Home > European Vacation > Vienna: Musical toilets, a mob museum, and shopping for diamonds and fridge magnets

Vienna: Musical toilets, a mob museum, and shopping for diamonds and fridge magnets

July 17th, 2009

In our planning, Jeanne read somewhere that Vienna would be a disappointment, that it had gotten old and tired.

Well, old is fine, but tired it is not, and we can now see why it is one of the five most-visited cities on the planet. We heard that on our jump-on-and-off tour bus that we sat on for several hours Friday as the temperature pushed toward 100 degrees.

On the way to the bus tour, the girls needed to visit the WC (my new code for a potty stop). In the underground station we found the “Vienna Opera Toilet” and it played such lovely waltzes to attract customers (at 60 cents a visit) that everyone who walked by, even if they didn’t have to pee, still broke into a stuttering dance as if they had to.

Beyond the fancy pay toilets, Vienna is a very very very impressive city, for its palaces and parks (half the city is green space, one of the bus-tour recordings noted) and plazas and public buildings (among the many museums is the Museum of Crime and Law Enforcement, a name not nearly as endearing as Las Vegas’ Mob Museum). 

It’s a great place to shop, too.  Jeanne is on a march across Europe looking for the most fitting refrigerator magnets to mark our journey.  And  don’t know why, but it is very stressing for me.  Yes we are spending thousands of dollars on this trip but I can’t let go of the fact that a magnet that condenses all of a city’s scenes into a three-inch-by-two-inch magnet might cost 4.50 euro at one shop when we could have bought it two blocks earlier, at another cart, for 4.25.  Twenty-five cents, wasted!

It was with that sense of stingy spending, then, that Daughter discovered we were walking by a Tiffany jewelry store. This was suddenly relevant since the night before, Boyfriend had proposed to her at our campground in Vienna and her idea of a good time shifted from S’mores to solitaires.

We indulged Daughter, and I promised to talk Boyfriend-turned-Fiancé off the ledge with a few beers later in the day.

This was a nice Tiffany’s and the lovely staff made us feel welcomed. They must have profiled us as Class A prospects, what with our water bottles, cameras and Vegas sun visors. Real world travelers, the Gormans.

We were directed to the diamond collection upstairs and Daughter darted to the Legacy collection of engagement rings. The sales clerk looked quite pleased by Daughter’s homework. “Ah, this one has a 1.19-karat center stone. Nineteen thousand Euros, she said.

Boyfriend looked up to me. I saw him swallow hard. I waved him off, the kind of man-to-man signal: Don’t worry man, we’ll get out of here soon. Wal-mart has a fine collection of rings. And Kay’s at the mall. Every kiss begins with Kay.

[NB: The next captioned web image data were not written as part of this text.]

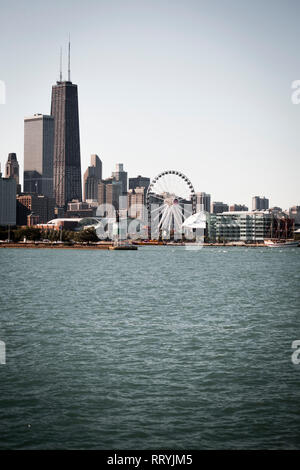 Chicago's Navy Pier und Skyline vom See Michigan gesehen Stockfoto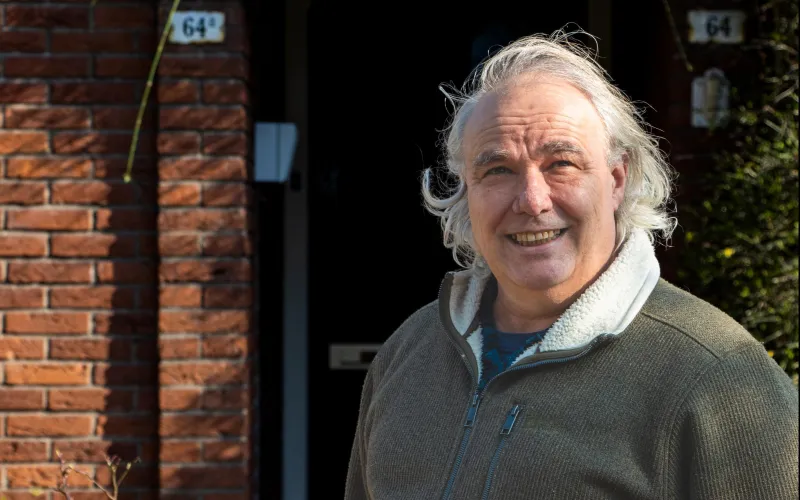 Portetfoto van Marc Mulder voor zijn huis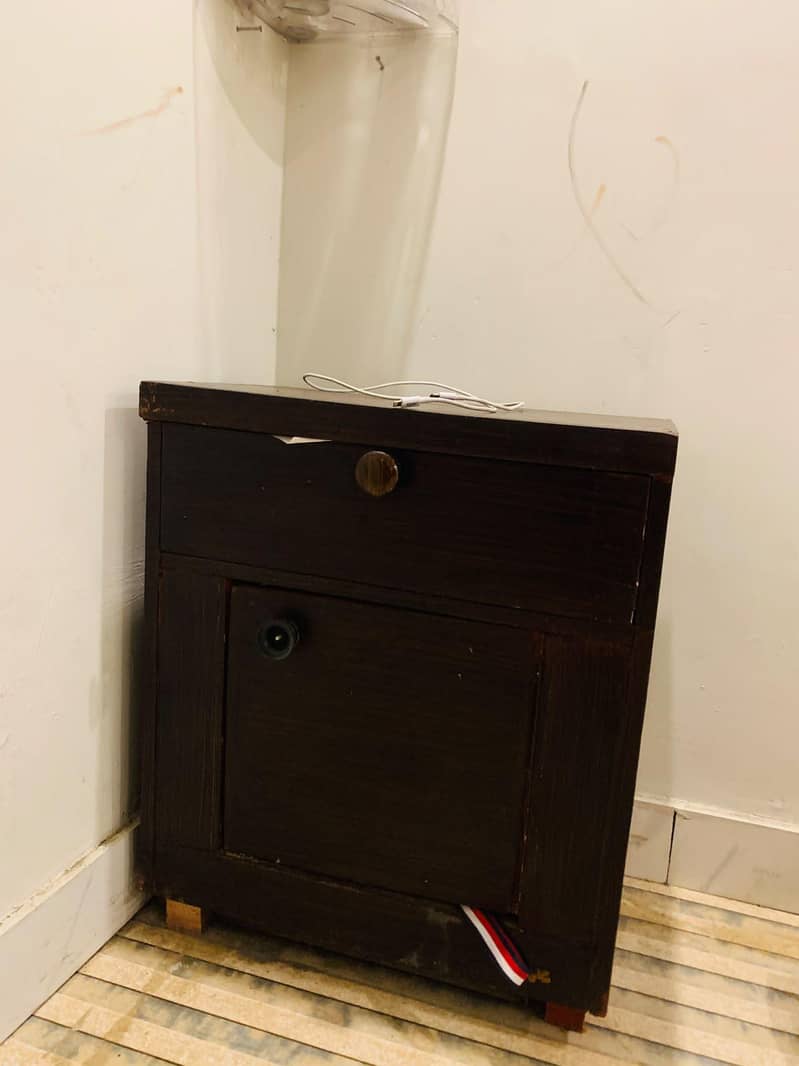 bed side table and mirror 1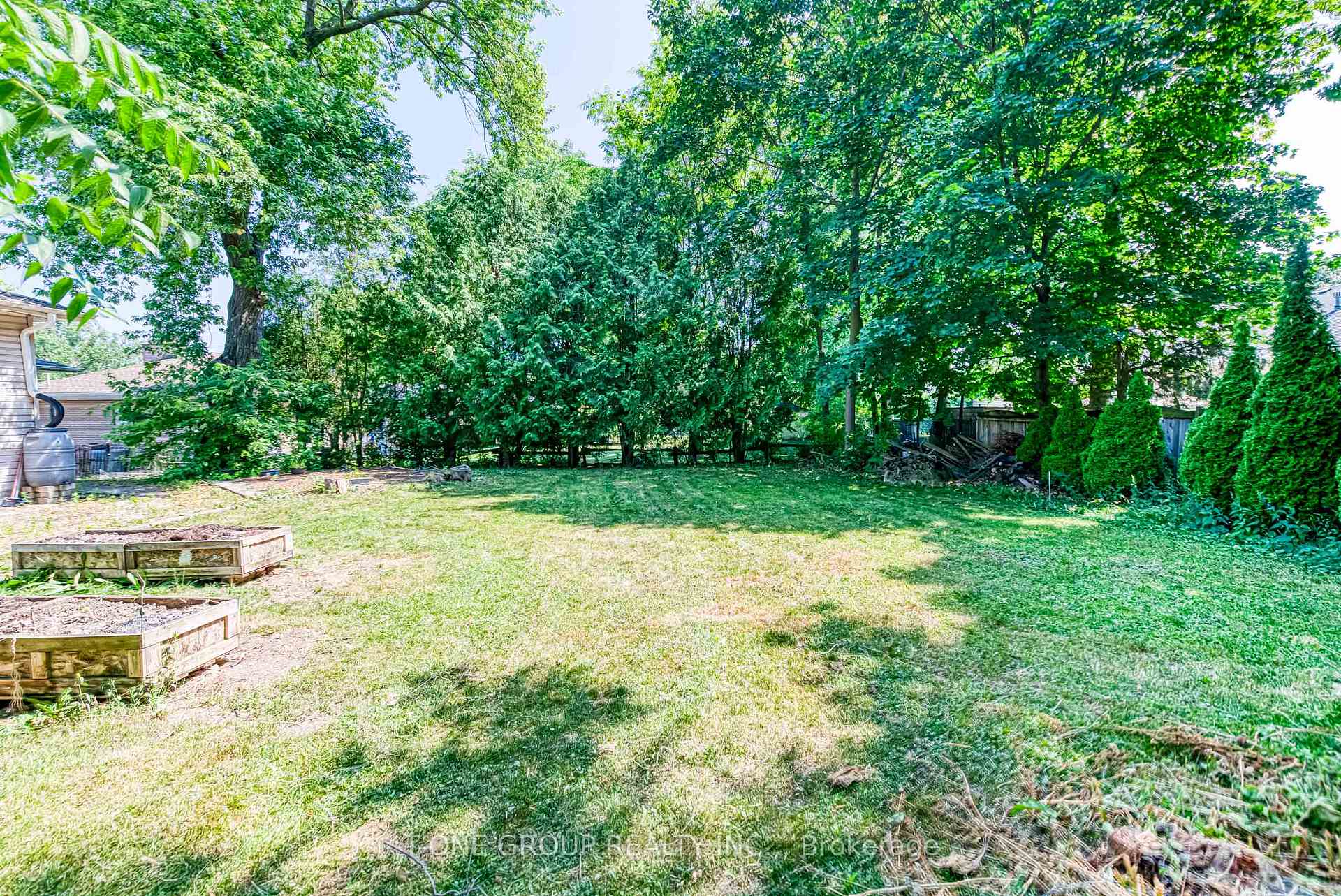 Photo 42 of 64 Hawkridge Avenue, Markham, Bullock — HOMEH
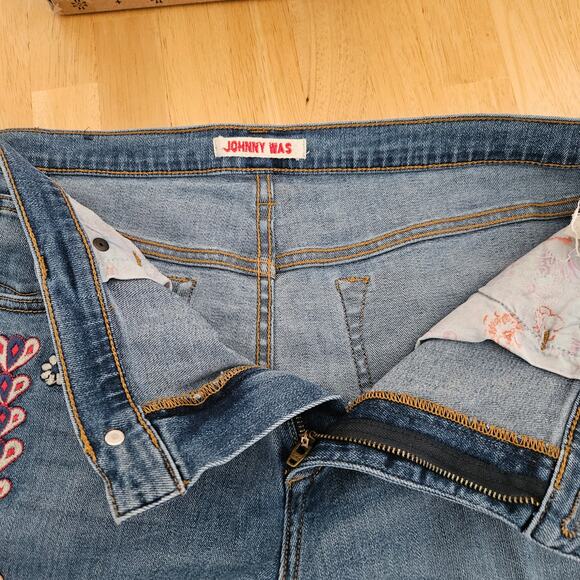 Johnny Was Dallah Embroidered Floral Mid-Rise Skinny Jeans Size 30 EUC - Picture 7 of 11
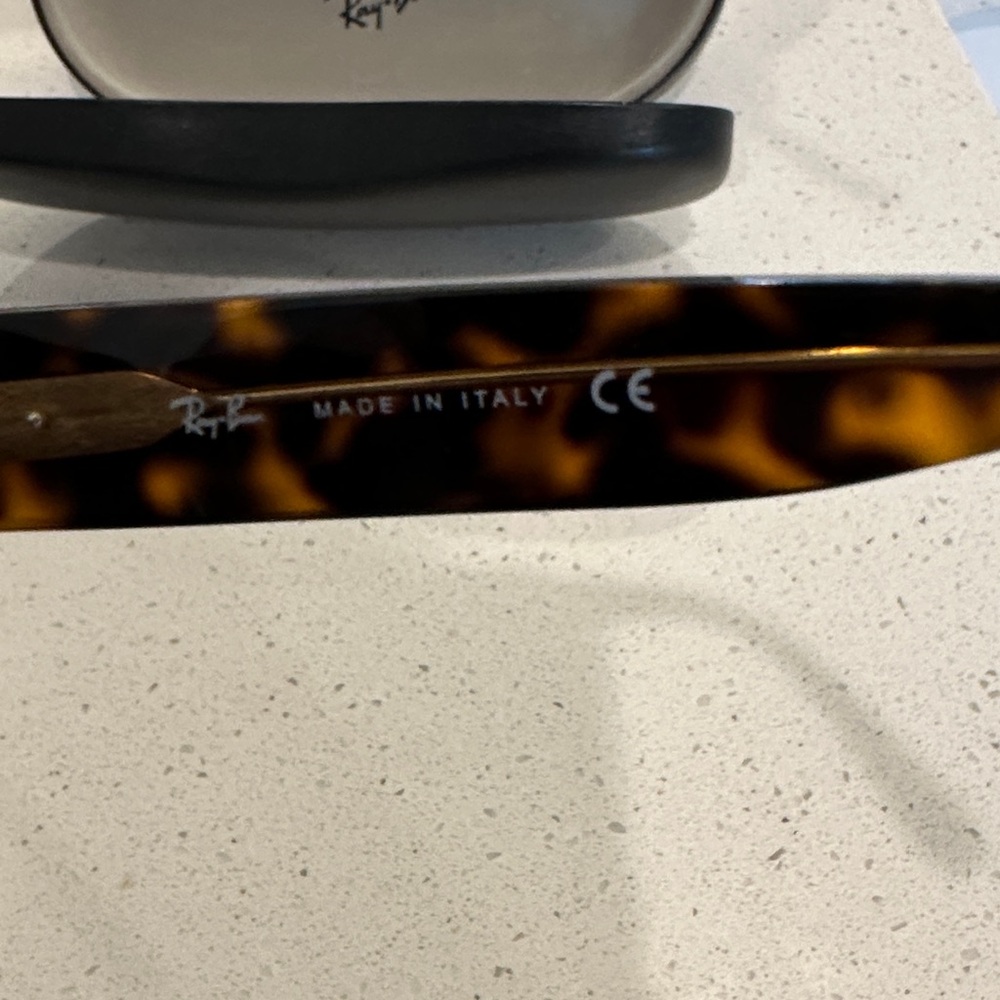 Ray-Ban Classic Sunglasses- brown tortoise shell frame - Picture 5 of 5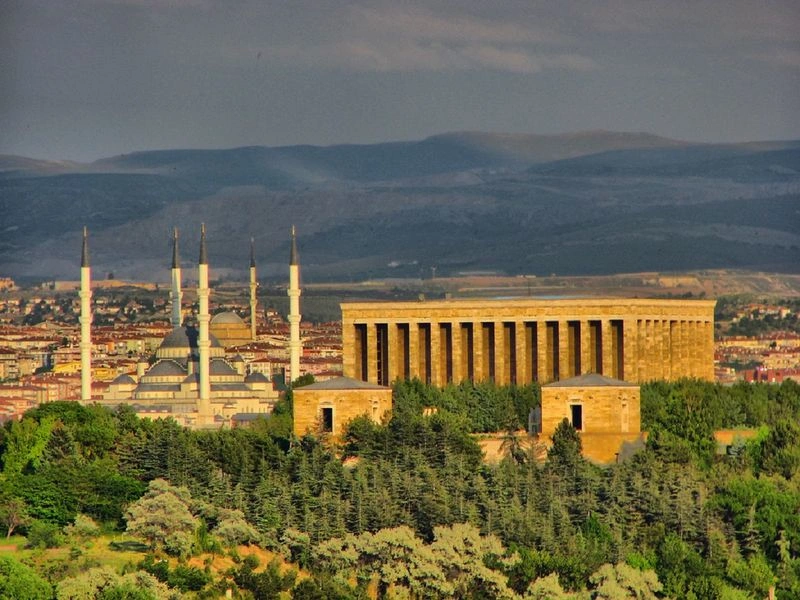 اگر قصد استفاده از مترو را داشتید کافی است خودتان را به ایستگاه تاندوغان (Tangogan) یا کوجاتپه (Kocatepe) برسانید و از آنجا کمی پیاده&zwnj;روی کنید. در دسترسی با اتوبوس هم نزدیک&zwnj;ترین ایستگاه به آنیت کبیر، ایستگاه دوشه&zwnj;تپه (Dustepe) است. عکس ۱۲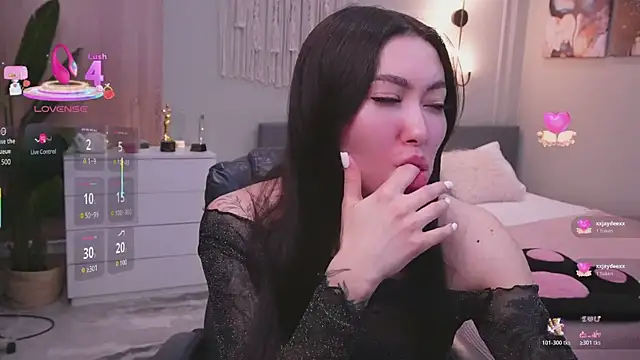 Molly Jons online show from March 25, 1:33 am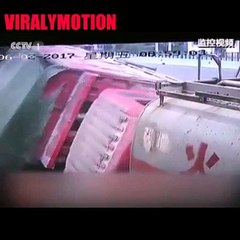 Sungguh tragis nasib mobil sedan ini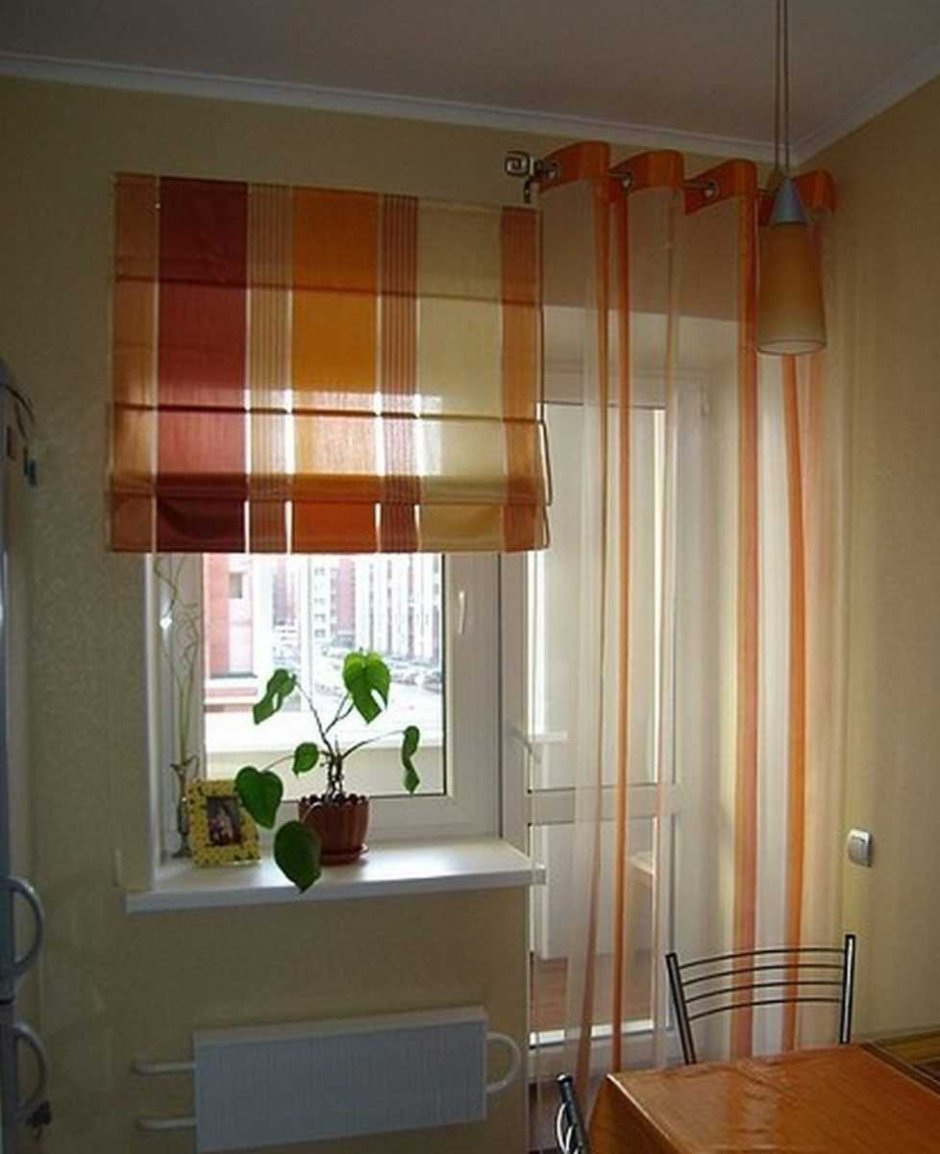 Римская штора на кухне с балконом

I asked the sales clerk, Tanja, how she calms the nerves of boyfriends when their fiancés check out the merchandise and their eyes fall out of their sockets like they’re attached by Slinkys. “If we think we are close to a sale, that the young lady is serious, we bring out champagne,” she told me.  Huh.  That’s how they close deals in Vienna.

I made friends with Tanja, to buy time for Daughter to look at the rings, because she may never get this close to the Tiffany Legacy again. Tanja told me to say high to the Tiffany’s associates who, she assumes, have extended me fine service at the company store at the Bellagio, back home in Vegas.  Oh yeah, I said. Good friends, all.

We decided to move on. Boyfriend needed a beer.  But Daughter lagged behind, unwilling to leave the counter.

I told Fiancé that in 30 years, the wife will pore over kitchen magnets.